Title: Dinky Hocker Shoots Smack
Author: M.E. Kerr
Date: 1972
Publisher: Harper & Row
ISBN: 0-440-92030-2
Length: 190 pages
Quote: "'Is shooting smack taking heroin?' Tucker said. 'It's not just taking heroin,' Dinky said. 'It's wallowing in it. That guy lives to shoot up.'"
It took me a few years to read this book. I remember looking at the shiny-new original cover--graffiti, to warn us that this was a grimy urban story--and wondering whether it was about sports, drugs, or murder, and not really wanting to know. So, for others who may have a similar reaction, there's the explanation. This is an instructive story about sober, ordinary people who live in a city where some of them are trying to help addicts. Dinky Hocker, whose real name is Susan, does not take drugs at any point in this story. She just observes that her very fashionable, p.c., leftist mother shows more empathy to the addicts the mother tries to help than she shows to Dinky, so in a moment of desperation she claims...

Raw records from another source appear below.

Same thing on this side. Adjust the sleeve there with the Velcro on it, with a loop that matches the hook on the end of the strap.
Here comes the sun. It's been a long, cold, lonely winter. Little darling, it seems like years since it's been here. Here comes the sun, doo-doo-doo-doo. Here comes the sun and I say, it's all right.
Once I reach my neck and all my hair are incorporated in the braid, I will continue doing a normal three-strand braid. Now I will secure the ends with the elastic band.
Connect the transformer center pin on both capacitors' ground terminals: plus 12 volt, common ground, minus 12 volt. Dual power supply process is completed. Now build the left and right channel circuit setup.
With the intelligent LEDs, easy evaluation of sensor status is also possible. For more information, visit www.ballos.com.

This is not only the story of Dinky Hocker. It's also the story of her three sober friends Natalia, Tucker, and P. John. Natalia is pretty. Tucker is appealingly shy and immature. P. John is big, fat, and a redhead, and he copes with these social handicaps by being a loud Republican, partly just to annoy his left-wing father. Tucker and Natalia like each other a lot, though more in an idealistic way--they read contemporary pop psychology together--than in a romantic or erotic way. Will they be a romantic couple next year? "You ask me if my love will grow? I don't know! I don't know!" Tucker echoes the Beatles song. P. John likes the idea of taking control of his weight and wants to share that with Dinky. Dinky sneers, "Isn't that romantic," at his friendly weight loss tips and political rants, but she's miserably aware that at least P. John is her date, whereas Tucker has eyes only for Natalia.

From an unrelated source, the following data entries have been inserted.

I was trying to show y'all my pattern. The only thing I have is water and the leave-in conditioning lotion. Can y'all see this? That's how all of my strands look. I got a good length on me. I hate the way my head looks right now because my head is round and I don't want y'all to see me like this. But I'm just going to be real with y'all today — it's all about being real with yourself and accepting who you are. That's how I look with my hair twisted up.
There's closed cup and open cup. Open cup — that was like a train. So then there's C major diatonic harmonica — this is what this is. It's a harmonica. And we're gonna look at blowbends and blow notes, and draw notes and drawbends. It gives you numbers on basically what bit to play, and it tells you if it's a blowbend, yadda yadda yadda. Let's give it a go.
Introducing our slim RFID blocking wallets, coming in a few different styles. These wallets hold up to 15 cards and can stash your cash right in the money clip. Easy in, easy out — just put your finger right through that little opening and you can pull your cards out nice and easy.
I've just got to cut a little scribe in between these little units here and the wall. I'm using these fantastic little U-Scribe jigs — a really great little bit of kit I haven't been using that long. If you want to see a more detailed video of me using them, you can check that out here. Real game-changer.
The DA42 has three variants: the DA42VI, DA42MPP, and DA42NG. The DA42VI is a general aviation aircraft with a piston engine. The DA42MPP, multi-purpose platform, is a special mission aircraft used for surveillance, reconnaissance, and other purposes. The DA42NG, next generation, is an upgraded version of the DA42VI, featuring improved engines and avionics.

Their social circle also includes a few recovering addicts.These young people aren't friends on the same level that the four main characters are each other's friends, but then again they're not written off as "scags," a word that does not appear anywhere in this book. My school encouraged sneering at "scags." Dinky's parents, and church, don't encourage that.

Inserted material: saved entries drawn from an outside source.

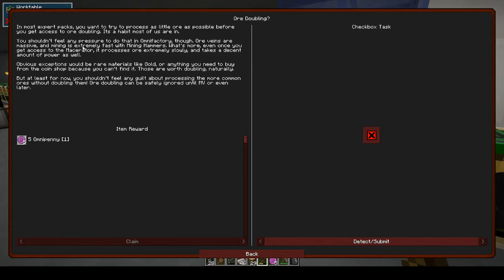Ore veins are massive and mining is extremely fast with mining hammers. Even once you get access to the macerator, it processes ore very slowly and takes a decent amount of power. Obvious exceptions would be rare materials like gold or anything you'd need to buy from the coin shop. These are worth doubling, but ore doubling can safely be ignored until MV or even later.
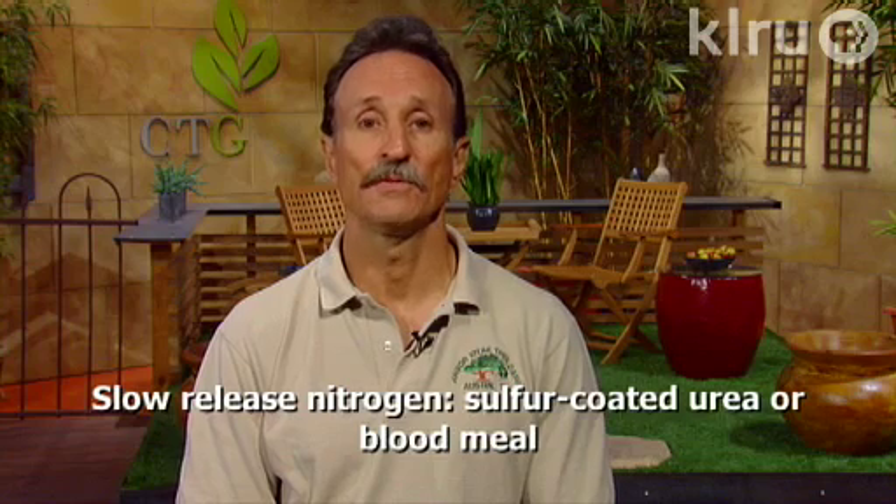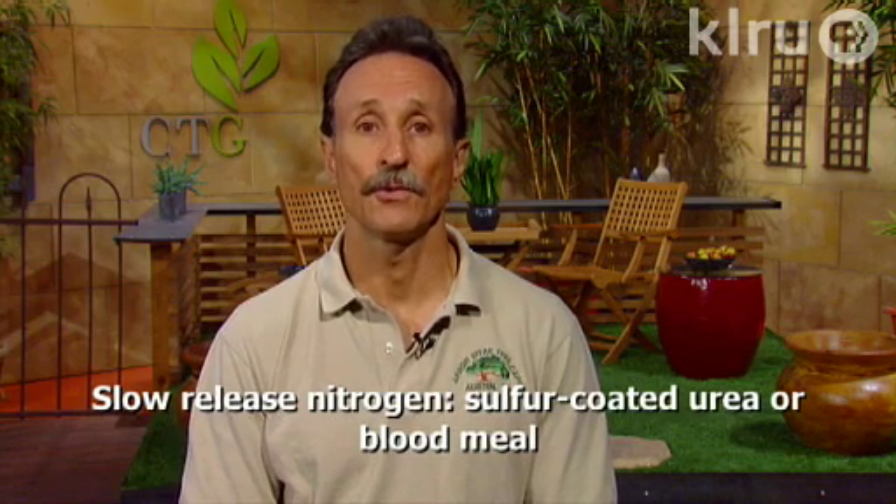I recommend using slow-release forms of nitrogen such as sulfur-coated urea or blood meal. Fast-release forms such as ammonium sulfate can cause problems with plant health by increasing insect or disease problems, and can also pollute the aquifer. For Backyard Basics, I'm Guy LeBlanc.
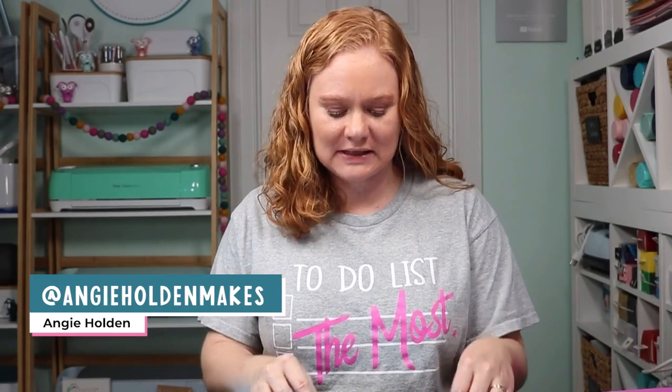Hello and welcome. My name is Angie Holden and I'm the blogger behind the Country Chic Cottage. Today we're going to make sublimation pens.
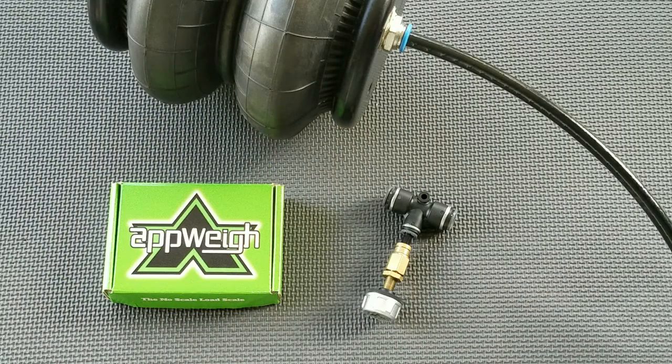On the vehicle, apply brakes and chock the wheels. Dump the air pressure from the air suspension system where the sensor will be installed.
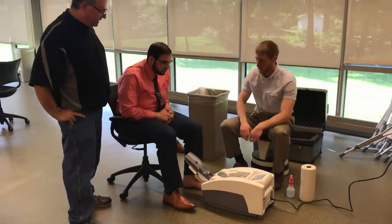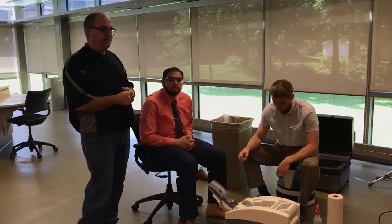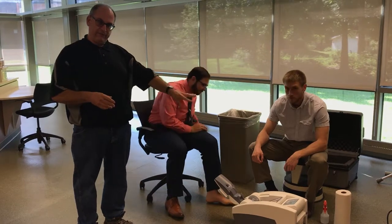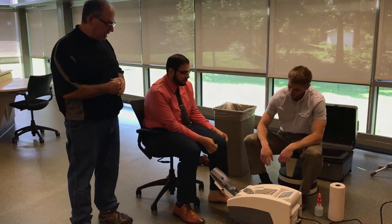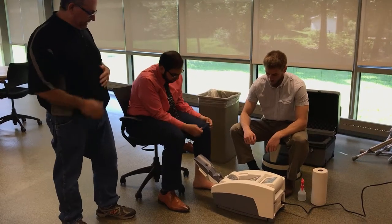What you're going to need your patient to do to get ready is to remove their shoes and socks. For females wearing hose, they have to remove that too. You have to have bare skin up to the ankle — it's got to go above the ankle bone at least to be able to get an accurate test. Have your patient take off their shoes and socks, and pull up their pant leg if necessary.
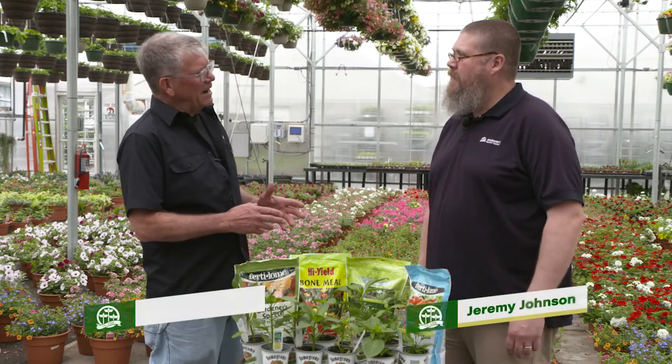Good morning. Welcome to Johnson's Garden Time. Jeremy, it's early May — time to put about anything in the garden — and we're going to talk today about improving the soil and then some of the things that we can plant.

Now do we need a little sermon for the boys out there in Readerland? Yes! We need a sermon, and it goes like this: Girls liked Dinky Hocker Shoots Smack because it portrays the cute guy learning something very important. We know, because you've told us, that a lot of you guys are not fully human. You're not interested in making friends. The only social activity you enjoy is staring at the kind of female body you drool over until you muster the nerve to suggest flopping into bed. There are some young women who can relate to that feeling for two or three days out of the month, but they soon learn that being around you even during those days is not worth the trouble. If you are male and want to have the kind of real-life experience you have been dreaming and drooling about, you're going to have to put your big boy pants on and actually talk to people you do not find attractive. The only way Natalia's ever going to notice Tucker's lovableness is by seeing him be the best possible friend to P. John and Dinky. A good way to practice, online, is to chat with what appear to be women without seeing, or asking for, a picture--or even a physical description.